Bu konuyu bir kenara bırakarak modern şehirlerin dinozorları çerçevesinde ‘diğerlerini’ irdelemek lazım.

Şehirlerde yaşayan dinozorların egemenliği altında bir grup ses çıkaramayan ‘yeni’, gerek ekonomik gerekse politik nedenlerden ötürü suskun kalmak durumunda kalıyor.

Ahlaki çürümüşlüklerini, gelenek muhafazası olarak gösteren bazı dinozorlar, ‘yeni’lerin kendileri gibi olmalarını isterler. -Bu geleneklerden kasıt insan ilişkileri, mesleki durumlar olarak dahi gösterilebilir. Dini anlamda almamak gerekir-

TÜİK dün, “En yüksek gelire sahip yüzde 20'lik grubun toplam gelirden aldığı pay bir önceki yıla göre 1,2 puan artarak %47,5'e yükselirken, en düşük gelire sahip yüzde 20'lik grubun aldığı pay 0,3 puan azalarak %5,9'a düştü.” şeklinde bir 2020 yılına dair bir araştırmayı yayımladı.

Buna göre zengin zenginleşti. Fakir fakirleşti.

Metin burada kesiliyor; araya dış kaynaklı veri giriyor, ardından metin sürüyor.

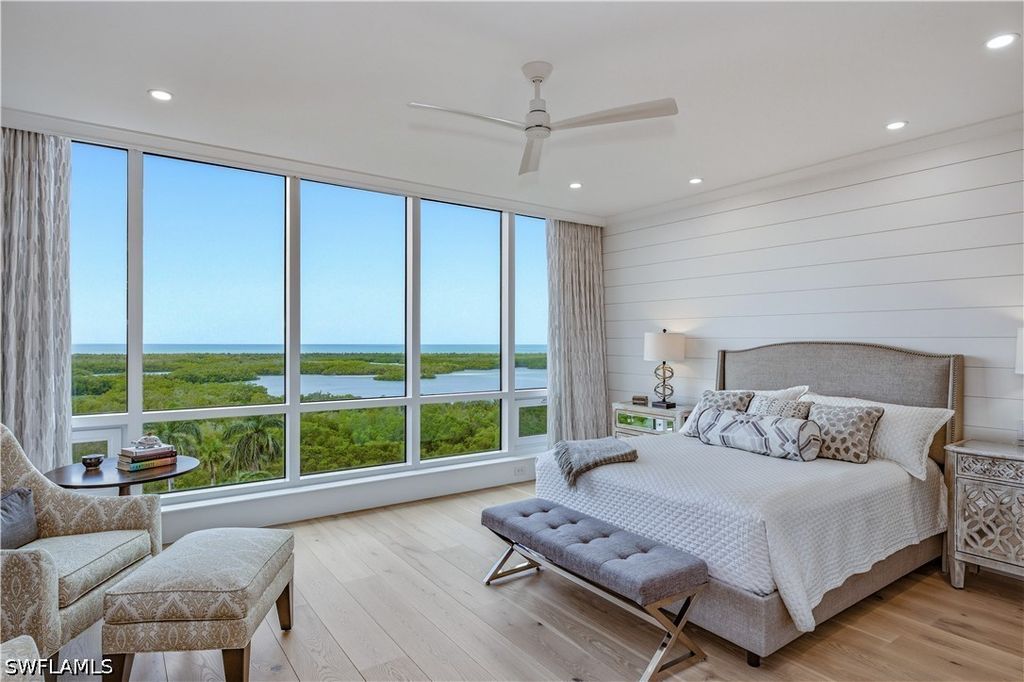 13925 Old Coast Rd 905, Naples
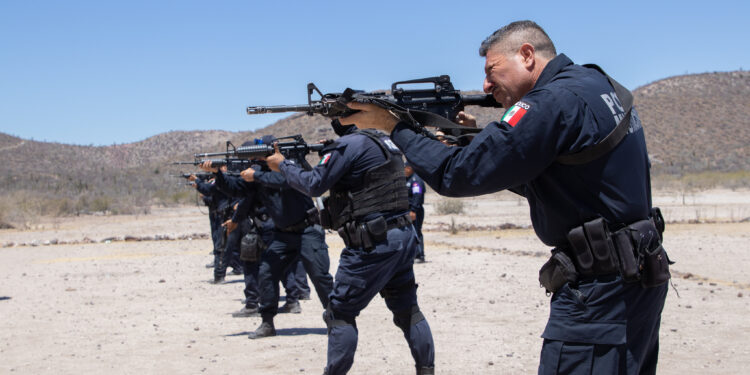 Policías municipales reciben capacitación&nbsp;en armamento y tiro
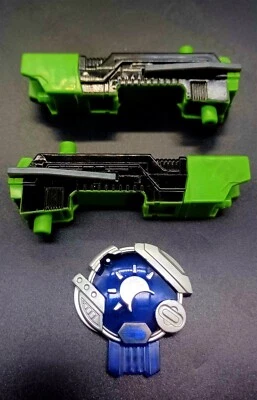 Transformers Cybertron: Deluxe Class Downshift "Heavy Magnum Blasters and Key" - Image 1 of 2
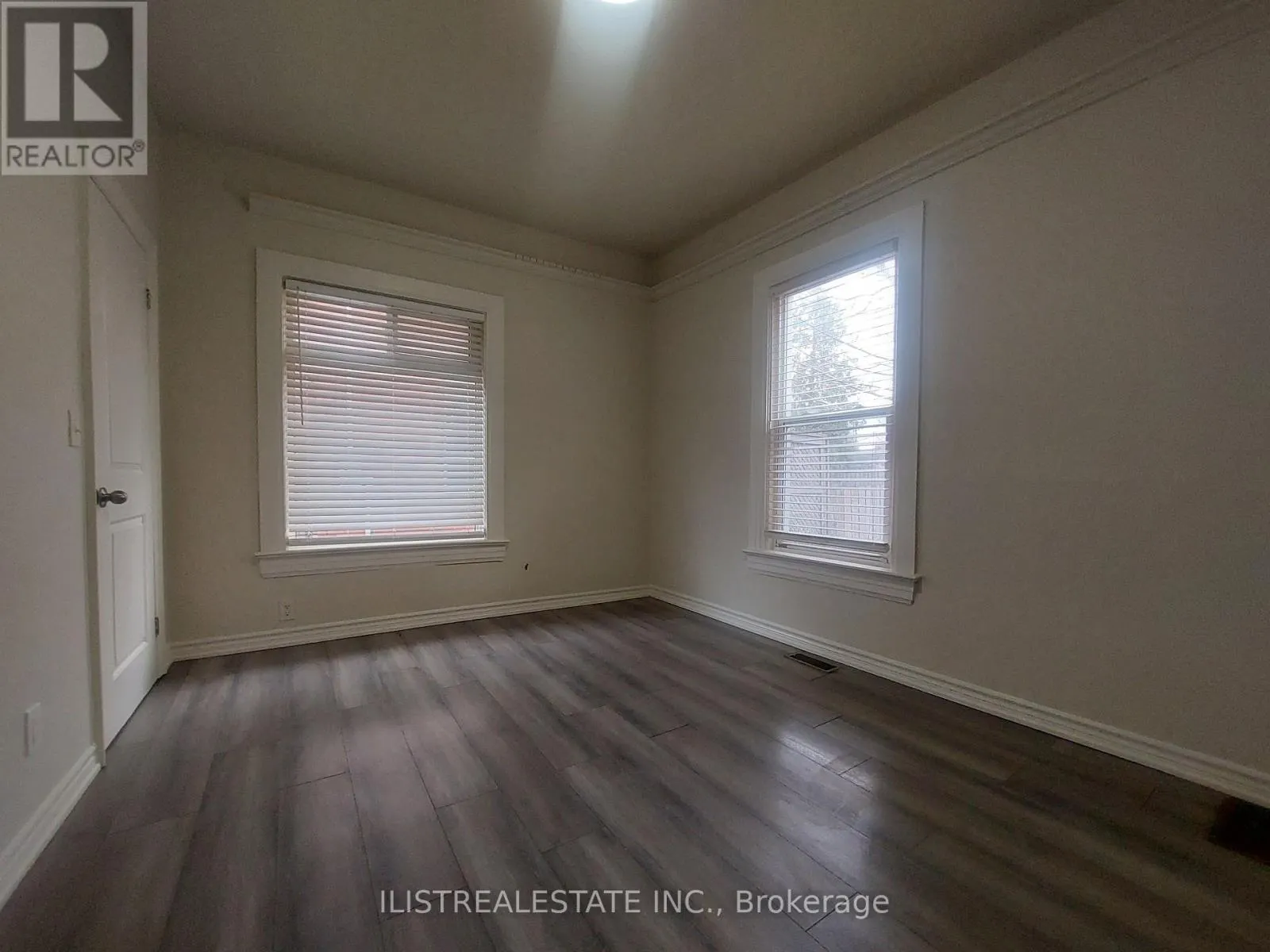 222 ATHOL STREET E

Yani dinozorlar daha da güçlendi.

Dinozorlar, yenilerin kendileri gibi olmalarını ister derken, kendilerinin istediği gibi olmalarını isterler.

Buradan hareketle;

Gördüğüm, tanıdığım insanlar artık geleceklerinden emin değil. Bunu gözlerimle takip edebiliyorum.

Ne kadar yazık.

Bunu görmek, yaşamak üzücü.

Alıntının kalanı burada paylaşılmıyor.